Neighborhood erects statue of beloved stray dog

By haziqbinarif

Whether or not all dogs go to heaven, one very good boy is being immortalized for posterity here on Earth with a statue in Estonia’s capital, Tallinn.

The black-and-white stray dog, who locals called Zorik, was a resident of the Kalamaja neighborhood for 12 years, since he was a pup, before being taken in by good Samaritans to spend his last days in shelter and comfort.

But the community has missed his presence so dearly that they launched a fund-raiser to have a statue of Zorik, created by a local artists, erected in a nearby public area for all to honor and remember him. The sculpture depicts the good-natured pooch sitting upright with a cat nestled below his chest. It was said that the faithful Zorik had often traipsed through Tallinn with other strays, including cats.

“People donated for the monument,” said Heiki Valner, an animal rescuer and leader of Zorik’s statue campaign. “They still follow his fate even though he is already old and frail,” she told AP.

Zorik pictured in the backyard of his new home with Viktoria Ger.

The neighborhood is home to both Estonian and Russian-speakers, who found common ground in their appreciation for the dog, according to Valner, calling Zorik a “point of integration” for the burgeoning community. A newly opened cafe even took on the dog’s name as tribute.

Many residents in the past had tried homing the “free spirit,” as Valner called him, but he refused to stay put. As old age set in, concerns for his health and safety prompted animal rescuers to again find shelter for Zorik.

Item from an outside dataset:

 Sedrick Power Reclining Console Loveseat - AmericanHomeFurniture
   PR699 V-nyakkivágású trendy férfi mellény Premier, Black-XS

“In the end, he was so senile that he would just fall asleep on the railway or tram tracks or just here on the road, so that cars had to drive around him,” Valner said.

Viktoria Ger, Zorik’s final caretaker, called him a “peculiar dog” who “doesn’t trust people,” which she said was a result of a lifetime of hard living and abuse by some heartless humans. Not everyone treated him with dignity, according to Valner, who called his story “a contest of good and evil.”

In Zorik’s case, “kindness won,” she said.